Generation Jobless


There was a time when a University degree assured you a of good job, good pay and a comfortable life.  Not any more.  Today, the unemployment rate for young people in this country is close to 15% – double that of the general population.  But the real crisis is the increasing number of university and college grads who are underemployed– scraping by on low-paid, part-time jobs that don’t require a degree.  Although there are no official statistics in Canada, it’s estimated that after graduating, one in three 25 to 29 year olds with a college or university degree ends up in a low-skilled job.  And to make things worse, 60% graduate with an average debt of $27,000.  Mired in debt, and working in dead end jobs, their launch into adulthood is being curtailed.  Some call them “the lost generation”.  But, it’s not only young people who may be lost.  If the next generation fails to gain a toehold into the economy, who’ll buy boomer’s houses? Who’ll pay for social programs? Youth unemployment and underemployment is a ticking time bomb with serious consequences for everyone.

GENERATION JOBLESS delves into why so many young Canadians are overeducated and underemployed.  The reality is that today’s twenty-something’s are entering  an economy in the throes of a seismic shift where globalization and technology are transforming the workplace. Automation is replacing tens of thousands of jobs at a time. Companies fixated on the bottom line are outsourcing jobs and wherever possible getting computers to do the work.  Employers are placing a higher premium on experienced workers, unwilling to invest in training new entrants to the workforce. So, young people are caught in a catch 22.  How do you get experience if no one will hire you without it? Many are working for free as unpaid interns, just to try and get their foot in the door.  And, for the first time in history youth are facing another unique challenge  – competition with their parents’ generation for the small pool of jobs that do exist. Boomers who are delaying retirement.

By all accounts the problem is only going to get worse.  Especially since the key players in Canada –universities, employers and governments – are not working together to find a solution.  Canada is the only country in the world without a national body responsible for  education and is seen as one of the most decentralized and fragmented countries in the world when it comes to helping young people make a smooth entry into the world of work.

Andrew Karam looks for a job as an engineer.

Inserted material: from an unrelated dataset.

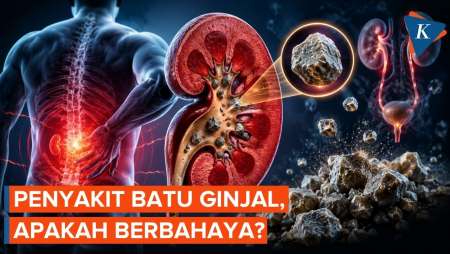 Apakah Penyakit Batu Ginjal Berbahaya?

He’s sent out over 100 resumes and only had 2 interviews in the last 8 months. But is his situation worse than the previous generation? See our infographic.

Several experts weigh in on what many are calling the most important social issue of our time – including Francis Fong, TD Bank Economist and author of the report The Plight of Younger Workers that paints a bleak picture of youth employment in Canada; Armine Yalnizyan Sr. Economist, Canadian Centre for Policy Alternatives who has been tracking trends in the labour market for two decades; and Dr. Paul Cappon, former head of the Canadian Council on Learning a research and advocacy program focused on learning in Canada;

The documentary takes viewers to Switzerland where the youth unemployment rate is 2.8% – the lowest in the developed world.  Here the idea of young people graduating with degrees and unable to find jobs is virtually unheard of.  Dr. Stefan Wolter, Director of the Coordination Centre For Research In Education, explains how all levels of government, educators and employers, work together to ensure that education and training are linked to employment.